Thursday, October 31, 2013

Sample to Population - The Big Data Leap

Capacity of technology to churn huge amount of data has ushered a new era in statistics.

Lets visit Sampling definition " sampling is concerned with the selection of a subset of individuals from within a statistical population to estimate characteristics of the whole population " , 'subset' is the term which expresses statisticians workaround to get as close as possible to the population spread. As we know the act of getting sample right is of paramount importance.

Oh , what if we can get the whole population data - so that's a clear possibility with the advent of Big Data moving in fast.
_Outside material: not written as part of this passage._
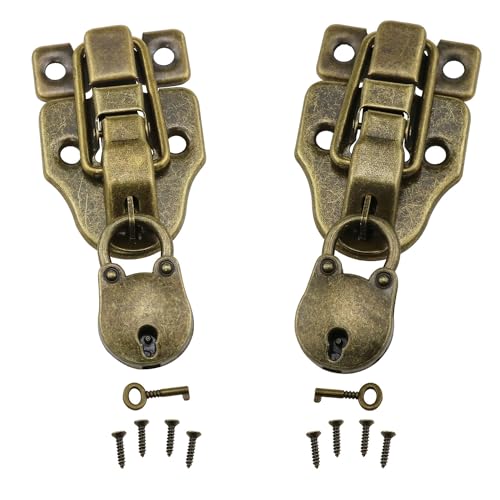Image of Haidong Retro Style Box Toggle Latches Antique Metal Duck-Billed Hasp Latches with Padlocks Antique Hasp Padlock Kits for Repair /Decoration Wooden Jewelry Boxs (Bronze) 2 Sets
Massive parallel processing of the Map-Reduce Framework on the Distributed File System , its all possible. To top it, likes of Revolution R & Mahout are already there.
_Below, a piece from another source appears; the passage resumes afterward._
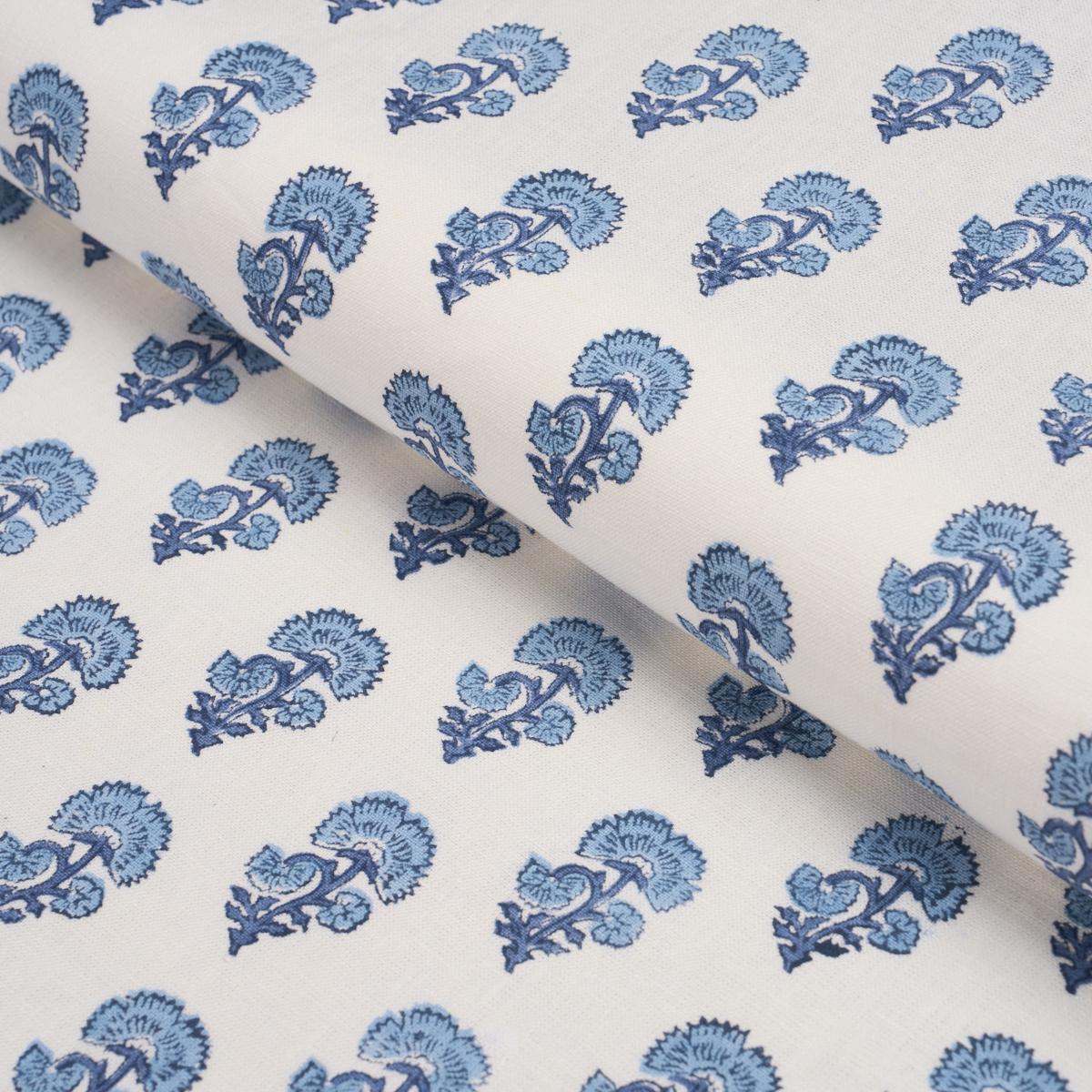 Schumacher Kaasni Hand-Block Print Indigo Fabric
Statistics as we know of today is on its journey to accept population as the base data for analysis rather than the sample. Better estimates , predictions are on its way....

Tuesday, September 3, 2013

Bus Parallel Processing Architecture - Cloud Ready

Business Intelligence conceptual design paves the way for BPPA (Bus Parallel Processing Architecture). Bus Architecture is the epicenter of developing a well knit dimensional model i.e. translate business processes/sub-business processes into star schema's with dimensions drawing on the master data and transactions finding its way to the facts. Knitting is taken care off through conformed/shared dimensions.

Logical layer takes the bus architecture to the implementation turf, developing the database ER model leading to creation of database tables and bringing star schema into existence in relational database. Physical layer provides the infrastructure for DW i.e. servers, networks etc.

BPPA works on the principle of dimensional redundancy across servers (virtual servers). So each fact moves into a dedicated box thus allowing scaling out the enterprise DW - enabling cloud move for our DW. Conformed/shared dimension are redundant on respective star schema. Cost or overhead of this approach is maintaining redundant copies of dimensions. ROI of this is performance gain and ability to port the scaled out solution to multiple small servers and eventually to cloud.

To top up fact partitioning can be done, as most database vendors now provide this - out of the box, thus reducing IO footprints of fact access.


Tuesday, April 2, 2013

Futuring Now


History has seeds of Future. Identification of these seeds is what a Business Leader needs.

Information age has made data capture of almost all the activities possible. It’s all about unraveling the patterns in these data which is the key to the future or decision making. So were to start - today there is comprehensive disciple of business intelligence. Dimensionalising our data structure and applying permutation and combination to better understand our business processes.

But that's just the beginning. Actuaries’ science is one of the most evolved application of peeping into future on the basis of history. It's time when statistical pattern analysis and prediction takes the central stage for conversion of the business data into artificial intelligence.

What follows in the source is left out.